- Alice Stephens
- May 21, 2015
Mining the water for words
Fiction writers rarely put in an eight-hour workday. The physical act of writing is a grueling and lonely experience that does not benefit from putting in overtime for overtime’s sake. Authors like Anthony Trollope and Ernest Hemingway rose early to write, leaving the rest of the day to work a day job, as was the case with Trollope, or cavort, as Hemingway famously did.
It is not that Trollope and Hemingway were lazy (they were both very prolific). Rather, the physical act of transferring a story from the brain to the written word is wearisome. After a while, the mind hits a wall, and it’s time to move onto other things.
But being away from your desk does not mean that you are not working. Your mind is constantly teasing out the knots of a storyline, framing the next scene, testing dialogue, building a backstory for a minor character, pondering the best way to re-word an awkward phrasing, brainstorming how to get out of a corner that you’ve written yourself into.
At the end of my writing day, I like to hit the swimming pool. Immersed in water, I am effectively deaf, dumb, and blind. The water seals my ears from sound. The only thing that leaves my mouth is breath. Without my glasses and wearing goggles whited with fog, I can see only the bottom of the pool. The world is reduced to kicking, pulling, breathing, and counting laps. It’s a sensory deprivation tank, economy class.
As I cut through the water, my mind is free to wander. Sometimes I review items on my to-do list or wonder what I’ll make for dinner, but usually my thoughts turn to writing.
What exactly does that guy who is the main character’s bodyguard look like? How many tattoos does he have, and what are they? Will he turn out to be her love interest or her separated-at-birth brother? How about both?
Naahh. That’s not marketable. But it is intriguing. How would it affect the ending? What is the ending, anyway?

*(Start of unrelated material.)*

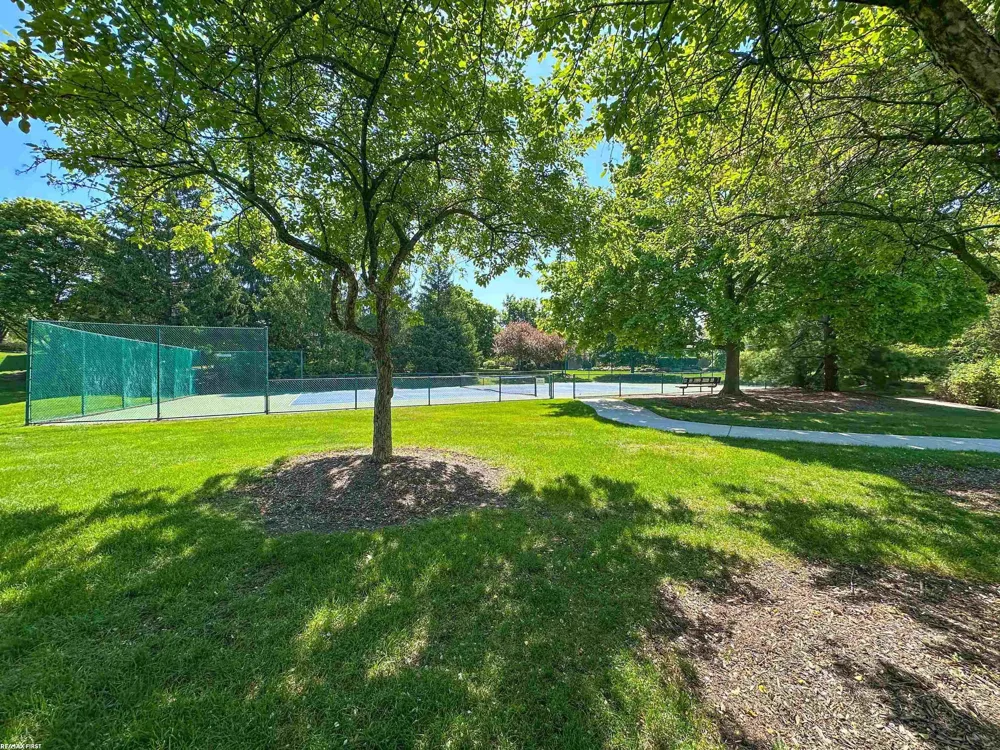 1368 Rock Valley Drive Rochester City, MI 48307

If people live underground for generations, would there be evolutionary adaptations?
Flashbacks or linear plot?
Truculent rhymes with succulent.
Does a character named Felix Sprizzil sound too J. K. Rowling?
What the hell am I going to write about in my next column?
I know I’m making progress when I lose count of how many laps I’ve swum.
My watery refuge is as important to my writing as my computer and my supportive husband (though you always comes first, honey). While I gather material, insight, and inspiration from books, plays, movies, art exhibitions, music, travel, people-watching, eavesdropping, world history, and my own past, it is in the pool where I can sift through the haystack for the needle and choose the silken strand with which to thread it, stitch the ideas together, and embroider them with words.
Plunging into the pool, I am testing the waters of my own mind.
I love the smell of chlorine in the afternoon.